Article I, Section 29 of the Missouri Constitution gives employees “the right to organize and to bargain collectively through representatives of their own choosing.” For most public sector employees, Chapter 105 of the Missouri Revised Statutes (RSMo) includes a procedure by which employees may select—or reject—union representation in a secret ballot election supervised by Missouri’s State Board of Mediation. Chapter 105 includes an exception from these rights to a State Board of Mediation secret ballot election for police, deputy sheriffs, highway patrolmen, members of the Missouri National Guard, and teachers.

In Eastern Missouri Coalition of Police, Fraternal Order of Police, Lodge 15 v. City of Chesterfield, the Supreme Court of Missouri held, among other thingsthat the City of Chesterfield was required to bargain with a union on behalf of police officers simply because the union had obtained and submitted authorization cards signed by a majority of the City’s police officers and sergeants. In other words, the police officers and sergeants were allowed to exercise their Article I, Section 29 constitutional rights without a secret ballot election through what is known in the private sector as a “card check.” A card check occurs when the majority of employees in a bargaining unit decide to sign and submit papers declaring their desire to form a union.

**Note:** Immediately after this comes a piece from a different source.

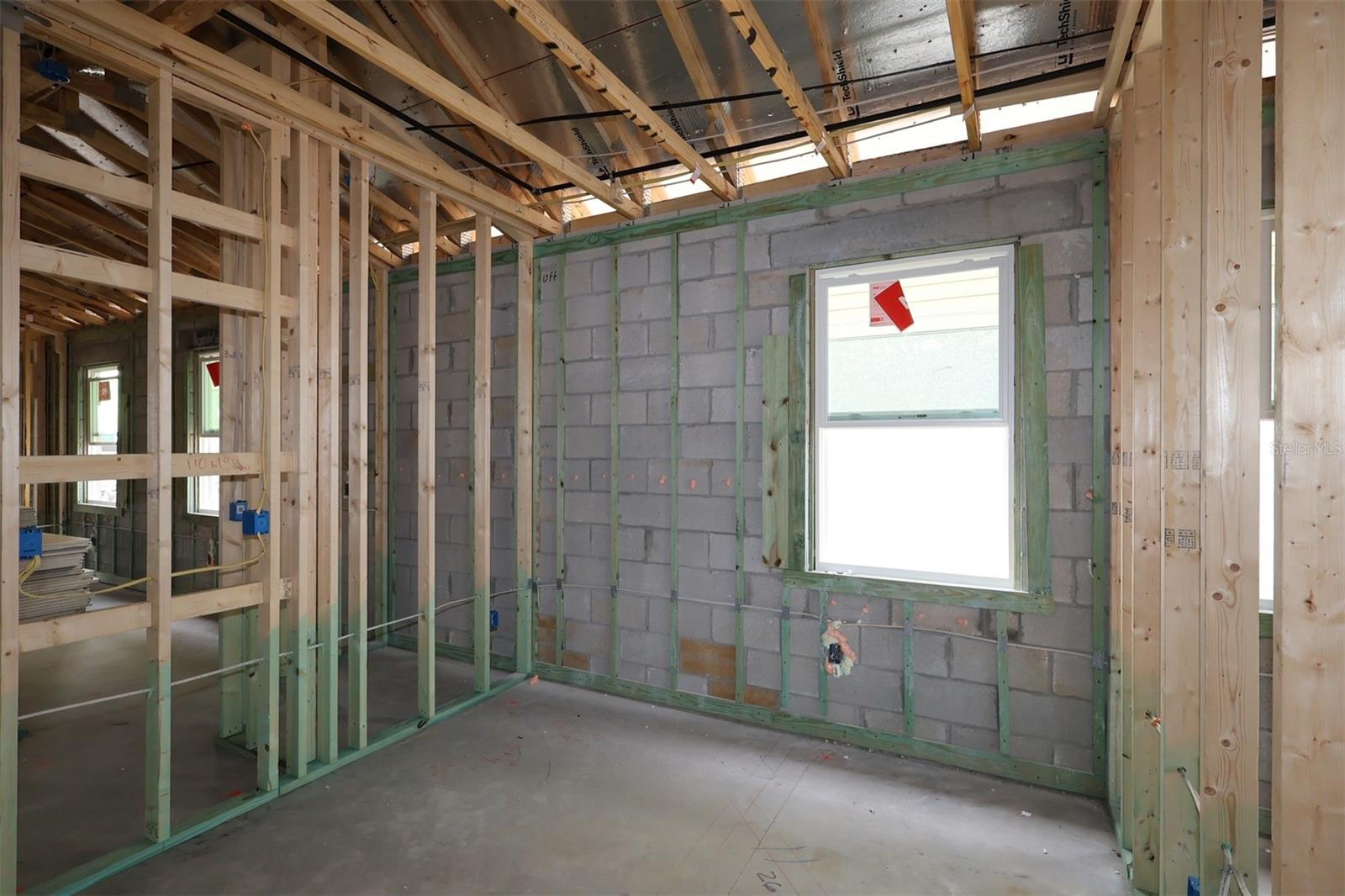 LAKE STAR AT OVATION - Residential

Private sector employers have long been dubious of the value of authorization cards (and the card check process) as a true measure of union support. As NLRB Member Oviatt wrote in the 1993 NLRB decision, DTR Industries, Inc.:

employees often sign authorization cards for reasons having little or nothing to do with an informed, uncoerced willingness to have a union bargain for them. In a typical organizing campaign, like the campaign in this case, authorization cards are handed out to a group of employees after a union organizer’s speech. In such a setting many employees may be induced to sign an authorization card because others in the group have signed—a kind of group psychology—without ever having read the card’s language. Other employees may sign cards because they fear union retaliation, or simply because they want the union organizer to leave them alone.

Recently, the Missouri Court of Appeals, Western District, in West Central Missouri Region Lodge #50 of the Fraternal Order of Police v. The City of Grandview, Missourirejected the use of a card check in favor of a secret ballot election in deciding how employees outside the ambit of State Board of Mediation jurisdiction might select union representation.

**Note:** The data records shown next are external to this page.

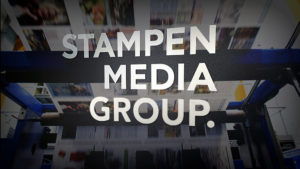 Stampen Media Group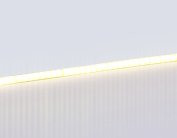 Светодиодная лента COB 384Led/ 7W m/ 24V IP20 4500K/ 5m*3mm*2mm (2 конт.) Ambrella light GS4602 ILLUMINATION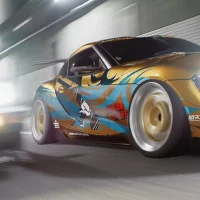 Tokyo xtreme racer cover art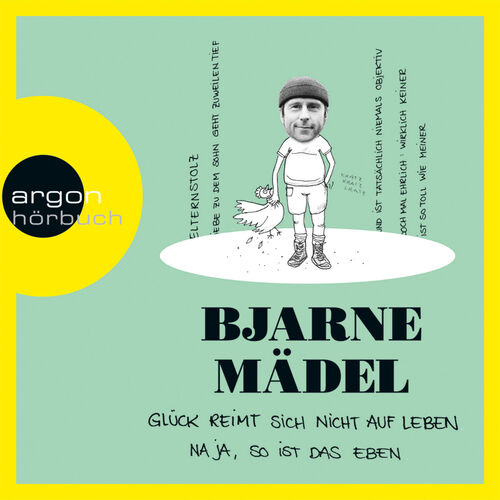 Bjarne Mädel: albums, songs, playlists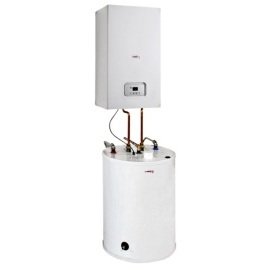 Protherm Gepard Condens 12MKO + FE 120 BM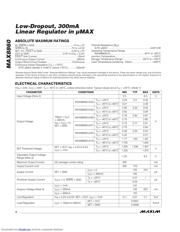 MAX8860EUA28-T datasheet.datasheet_page 2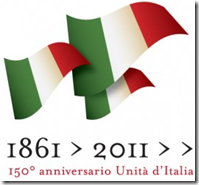 I 150 anni dell'Unità d'Italia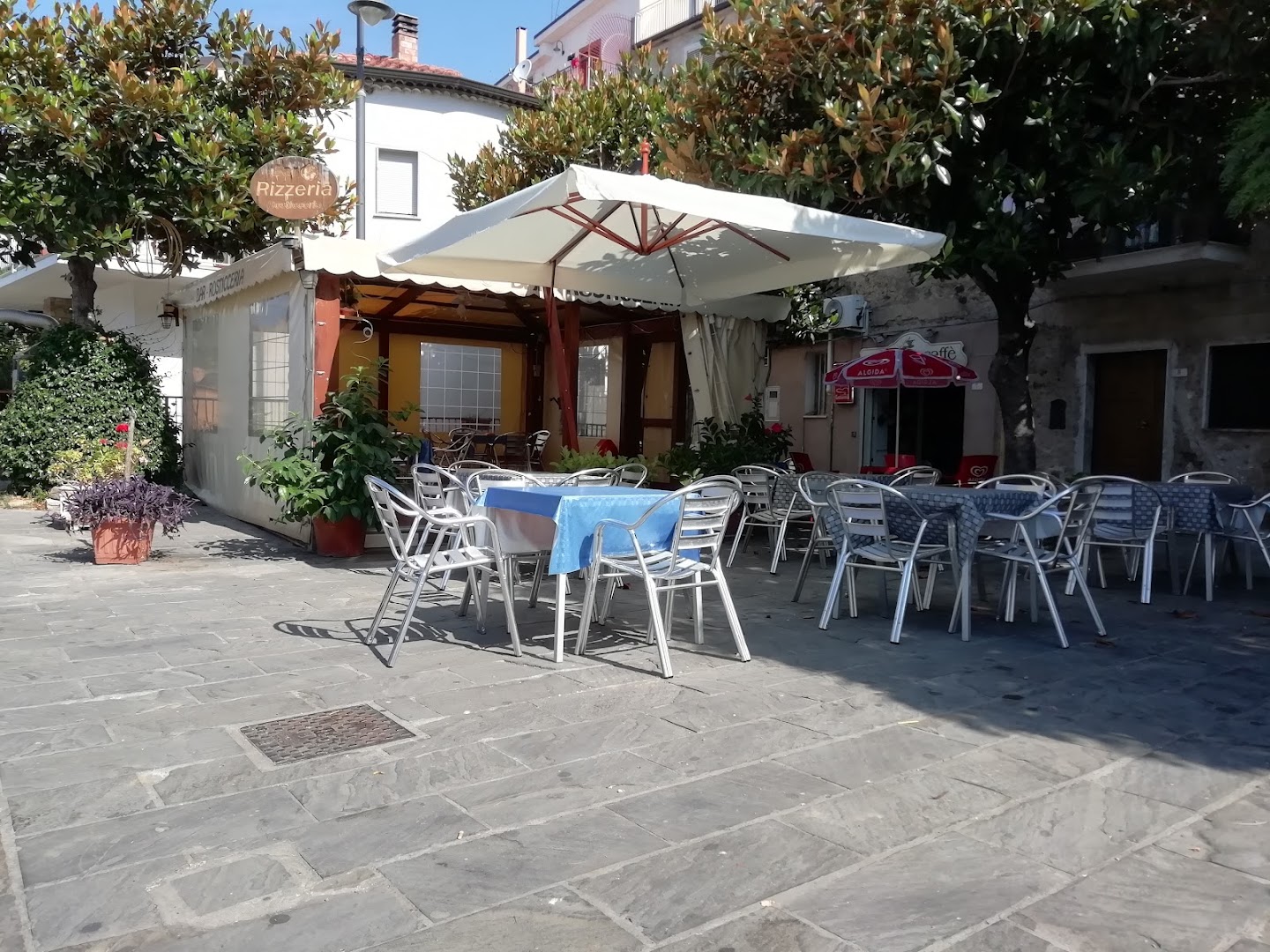 Non Solo Caffe... Di De Feo Angelo
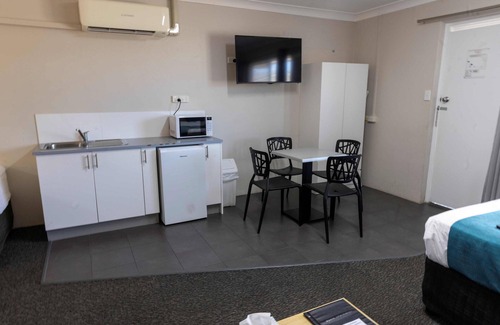 Wynnum Hôtel | Wynnum Anchor Motel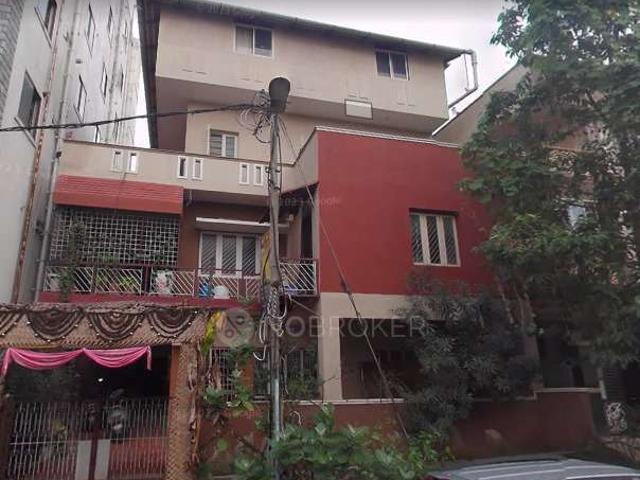 4+ BHK House For Sale In Btm Park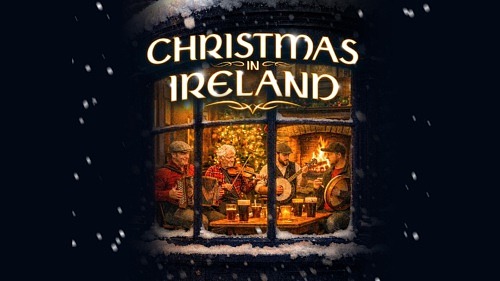 Christmas in Ireland
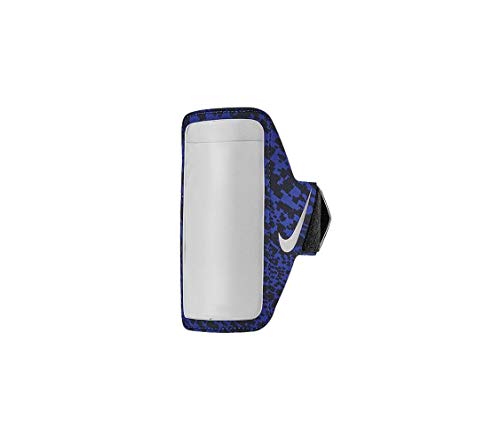 Nike Unisex – Erwachsene Lean Armband, Blau, OneSize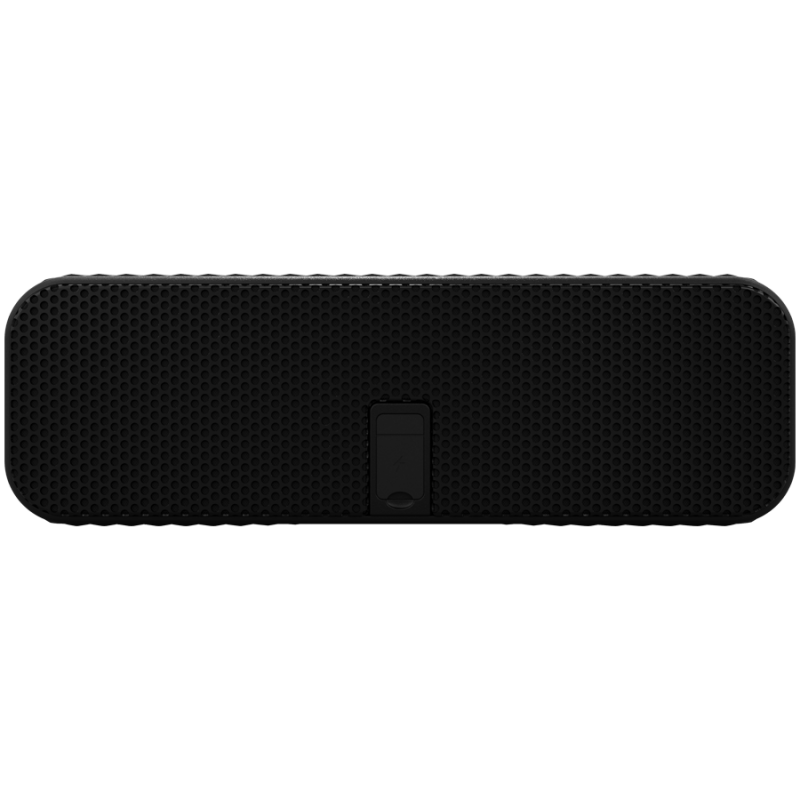 Boxa portabila Klipsch Detroit Black, 60 W RMS, Bluetooth 5.3, 20 ore, Microfon, Aplicatie mobila, USB-C, IP67, Negru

In this case, the City of Grandview, following up on a suggestion of the Supreme Court of Missouri in Independence-National Education Association v. Independence School District, had drafted its own union election ordinance, specifying how police officers might select union representation. This ordinance included a mechanism by which officers could participate in a secret ballot election. After the City adopted this ordinance, the union presented the City with authorization cards, which were purportedly signed by a majority of the police officers, and demanded recognition. The City refused to recognize the union and, instead, insisted upon following the ordinance and proceeding to a secret ballot election.

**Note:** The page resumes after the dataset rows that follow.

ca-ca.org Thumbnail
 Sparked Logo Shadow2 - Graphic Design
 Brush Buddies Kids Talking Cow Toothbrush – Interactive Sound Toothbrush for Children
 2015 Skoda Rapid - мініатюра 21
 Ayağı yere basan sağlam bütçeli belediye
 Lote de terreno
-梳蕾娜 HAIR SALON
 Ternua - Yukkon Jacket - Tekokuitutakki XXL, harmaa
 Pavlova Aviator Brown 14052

The Circuit Court of Jackson County disagreed with the City’s decision and issued a bargaining order based on authorization cards. The Missouri Court of Appeals reversed the lower court’s decision, holding that “nothing within the Missouri Constitution or case law would prohibit the City from mandating that employees act through a secret ballot election to designate a collective bargaining representative.”

The significance of City of Chesterfield, and City of Grandview, read together, is clear: any Missouri employer of police, deputy sheriffs, highway patrolmen, or teachers is well-advised to enact its own election ordinance. Failure to do so will allow unions to claim representation rights merely by presenting a majority of authorization cards, which often fail to truly represent employee desires.

City of Grandview also, contrary to the Circuit Judge, approved many procedures in  the City’s election ordinance, which were more burdensome to the union than the corresponding State Board of Mediation procedures and National Labor Relations Board procedures would have been—had either of these agencies had jurisdiction. City of Grandviewpresents a great opportunity for Missouri employers to craft union election ordinances that are fair to all concerned.